This question is a folo to a previous question I asked about how to best model different kind of time quantities and timeframes: In a database, how to store event occurrence dates and timeframes for fast/elegant querying?
Given a table of events, I'd like the simplest way to model and query events that have these kinds of occurrences:
- One-time: XY Rock band has a show on Dec. 12, 2014 at the Rockhouse
- Annually: Volunteer at the soup kitchen on Thanksgiving morning
- Monthly: Free night at the MoMA every first Saturday
- Weekly: Regular business hours
I've been kicking around doing a schema in this form:
- Name
- Description
- start_datetime
- end_datetime
- frequency_type (string, e.g. 'Weekly', 'Monthly')
- mon (boolean)
- tues
- wed
- thu
- fri
- sat
- sun (all booleans)
- schedule (text)
- frequency_description (text)
A common usecase I foresee is that on a given Tuesday...say, 4/5/2016, I want to find everything that is happening on that Tuesday..including all businesses that are open on regular Tuesdays, anything that happens monthly on a Tuesday, and anything happening on that specific date.
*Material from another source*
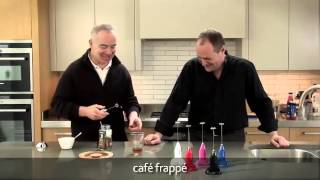 How to make a frappé coffee using an aerolatte milk frother [upl. by Tnomad528]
So the pseudocode query would be something like:
SELECT * from events WHERE `tues`=TRUE || DATE(start_datetime) = '2016-04-05'
At the application/controller level I could apply the necessary logic to exclude all "monthly" Tuesday events that don't happen on the first Tuesday, using a key/store in frequency_description (I'm going to ignore for discussion's sake, the "annual" edge case in which something happens every fourth thursday of November or some such thing). It'd be nice to do that exclusion in the query but I'm not sure how to design the table to allow that and still keep a simple SELECT.
I'm also predicting that it's not necessary to do a query in which I find all businesses open on Tuesday at 9AM...So the individual day fields can just be space-efficient booleans, with the schedule field being a date-store of my non-normalized specific information. The application will have logic to parse and format it for display.
Is this overkill? Let's say 70% of my events will be one-time, which eliminates the need for the mon,tue,wed, etc. and the schedule and frequency_description text-key-stores...
Should I instead have two tables? One for events, and one for some kind of event_relation in which the day_fields and key-store-textfields are joined?
That seems like a more efficient use of space...on the other hand, my query would have to be a SELECT and JOIN...which may be slower.
When dealing with a magnitude of records numbering from 10k to 100k, and doing simple EC2 hosting...should I care more about efficient space usage in my database (not just pure data storage space, but all the associated overhead with text fields and numerous columns)...or should I care more about simple SELECT statements?